→ ASSIGNMENT
Repeat each entry exactly. Drop every image.

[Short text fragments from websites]
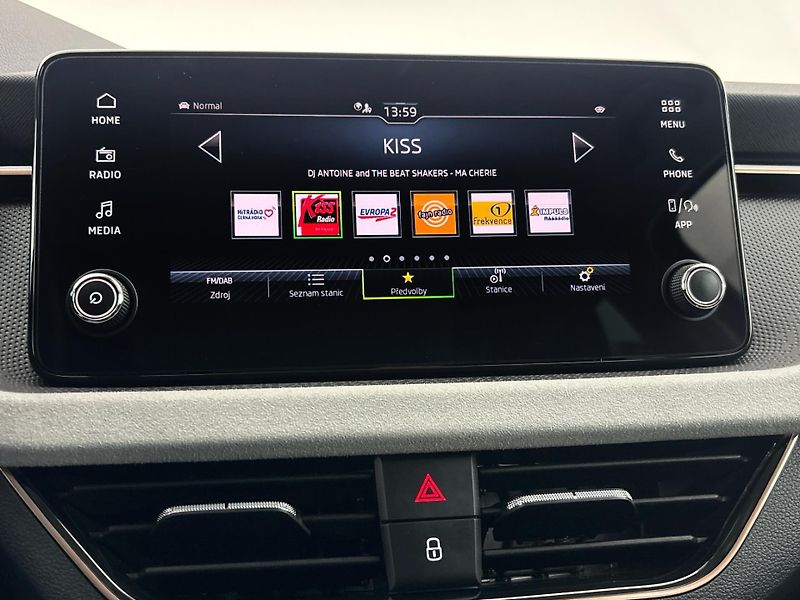 Škoda Kamiq Top Selection DSG - fotka 12 z 27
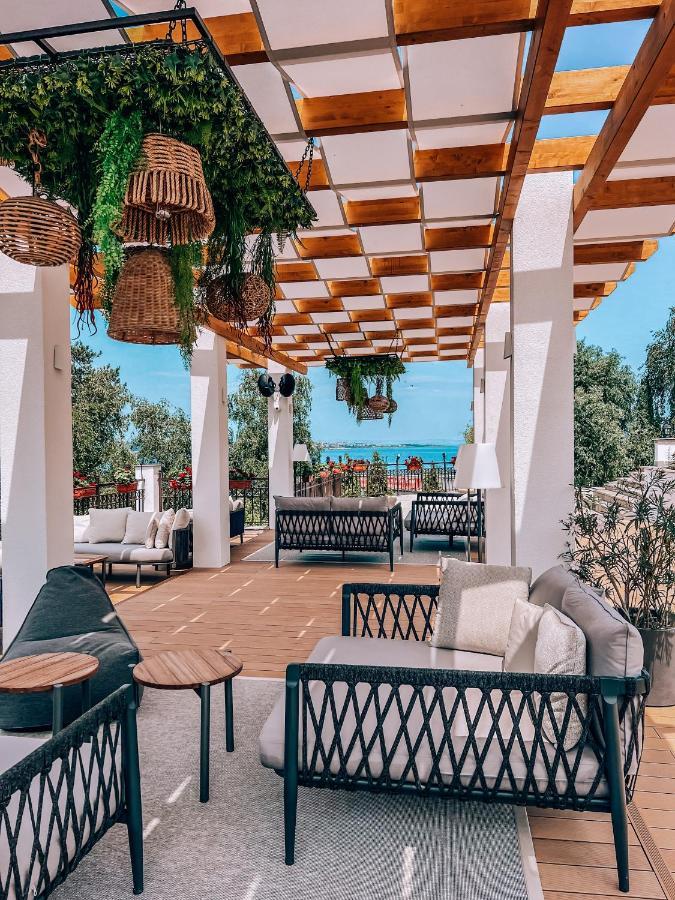 Garden Apartments In Santa Marina Village Sozopol Exterior foto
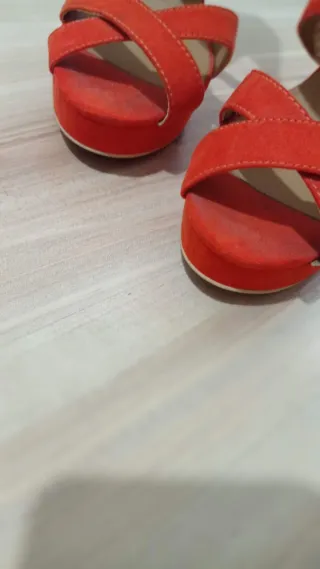 Sandalias naranjas de tacón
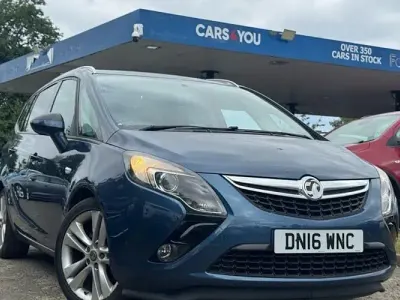 Used Vauxhall Zafira Tourer SRi 170 HP (125 kW) 2016 Blue MPV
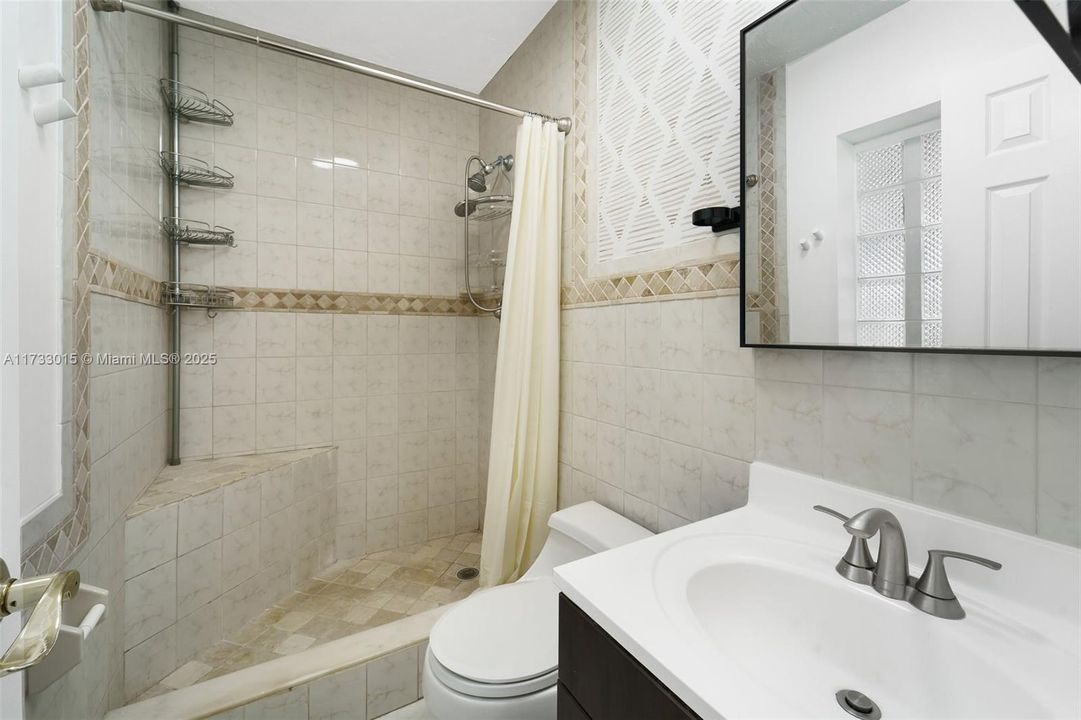 Недавно арендовано: $4,200 (4 спален, 2 ванн, 1992 Квадратных фут)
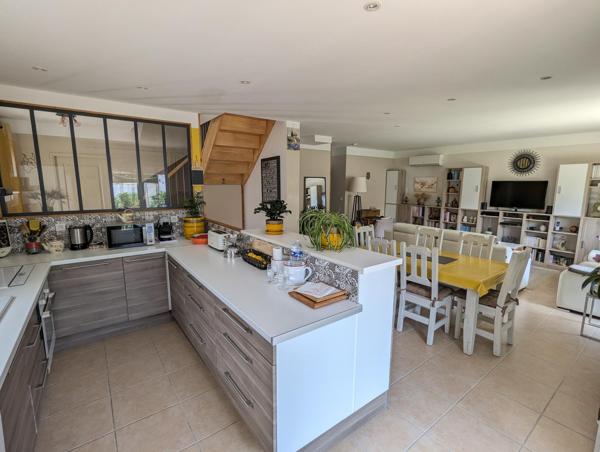 Maison à REDESSAN, 30129 - 5 pièces 125m²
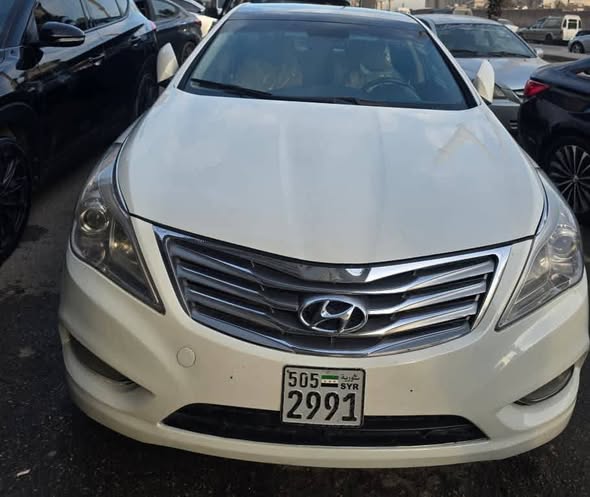 هيونداي أزيرا 2012 - صورة 1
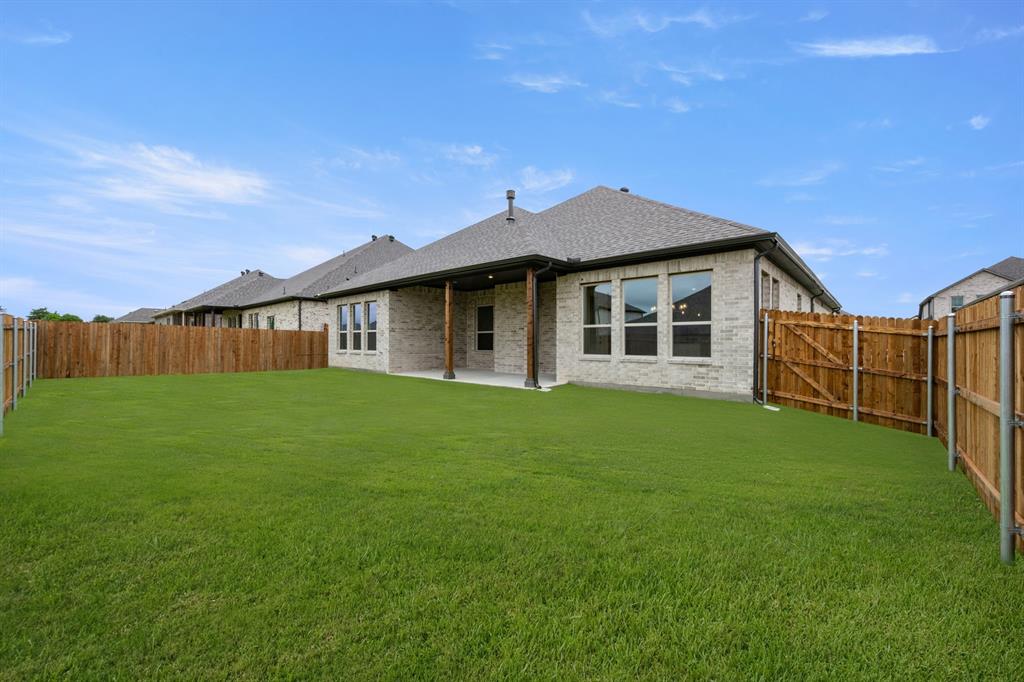 Sheppard's Place - Residential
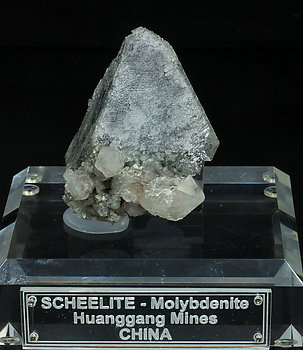 Scheelite with Molybdenite inclusions and Quartz.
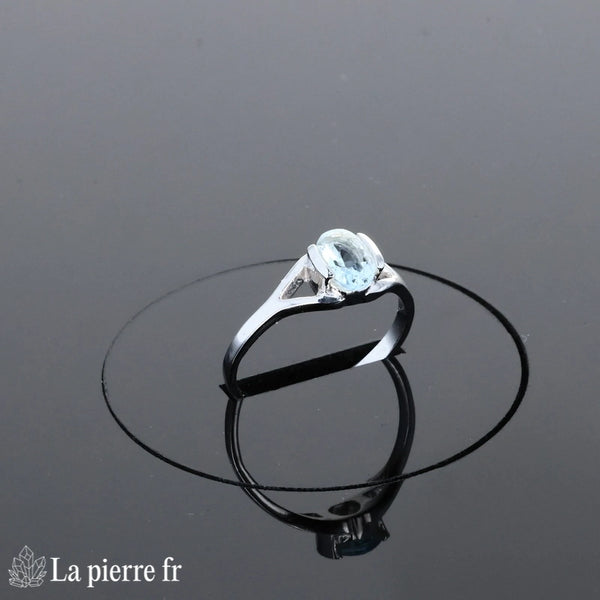 Profil de la Bague Aigue-Marine (Épure Ovale) en argent 925, soulignant son design simple et élégant.
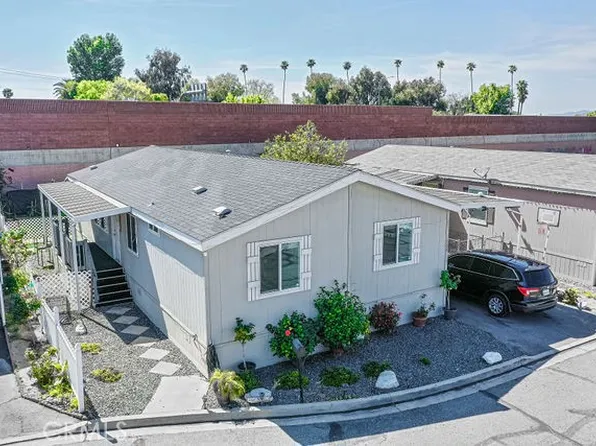 168 Sir Gawaine Dr, Riverside, CA 92507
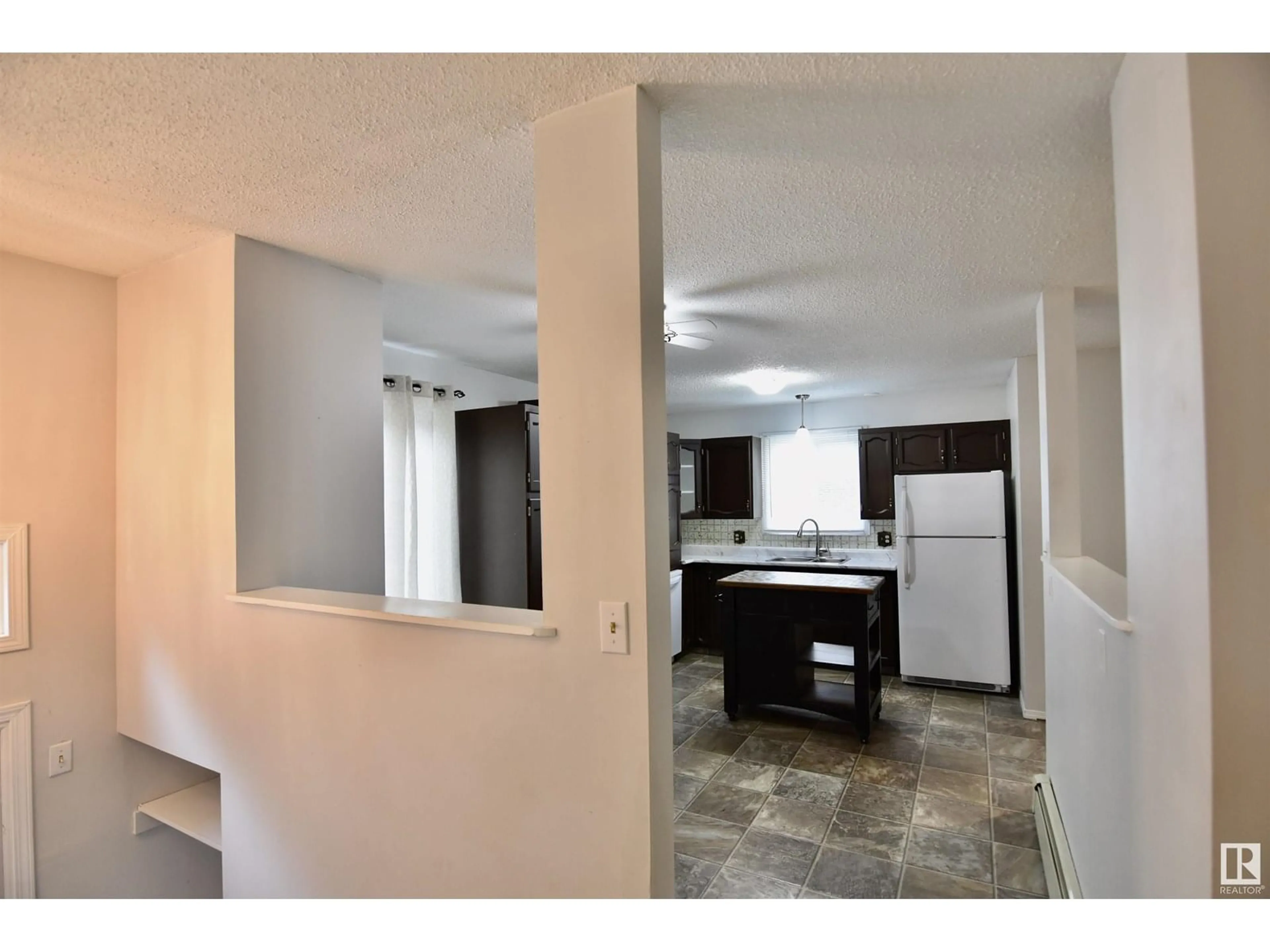 Open concept kitchen, ceramic/tile floor for 5008 - 5006 54 AV, St. Paul Town Alberta T0A3A1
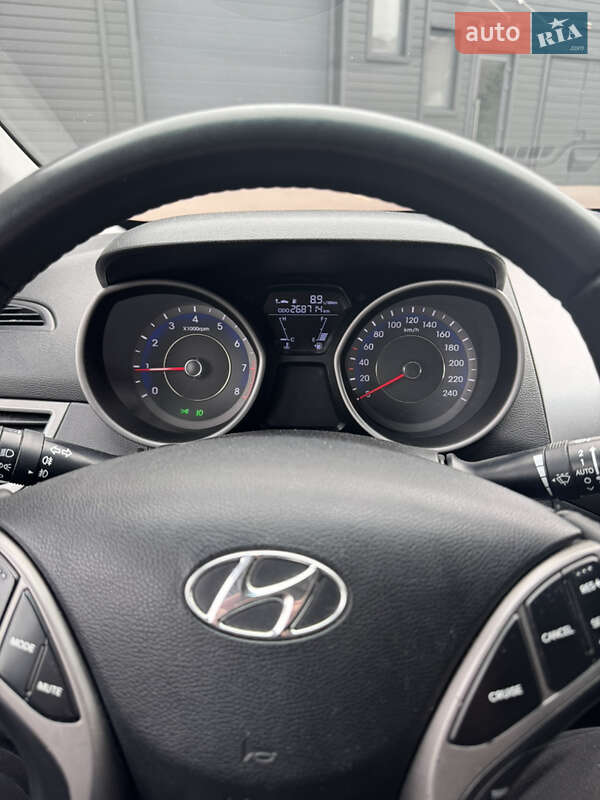 Седан Hyundai Elantra 2012 в Броварах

→ ANSWER SPACE
 Škoda Kamiq Top Selection DSG - fotka 12 z 27
 Garden Apartments In Santa Marina Village Sozopol Exterior foto
 Sandalias naranjas de tacón
 Used Vauxhall Zafira Tourer SRi 170 HP (125 kW) 2016 Blue MPV
 Недавно арендовано: $4,200 (4 спален, 2 ванн, 1992 Квадратных фут)
 Maison à REDESSAN, 30129 - 5 pièces 125m²
 هيونداي أزيرا 2012 - صورة 1
 Sheppard's Place - Residential
 Scheelite with Molybdenite inclusions and Quartz.
 Profil de la Bague Aigue-Marine (Épure Ovale) en argent 925, soulignant son design simple et élégant.
 168 Sir Gawaine Dr, Riverside, CA 92507
 Open concept kitchen, ceramic/tile floor for 5008 - 5006 54 AV, St. Paul Town Alberta T0A3A1
 Седан Hyundai Elantra 2012 в Броварах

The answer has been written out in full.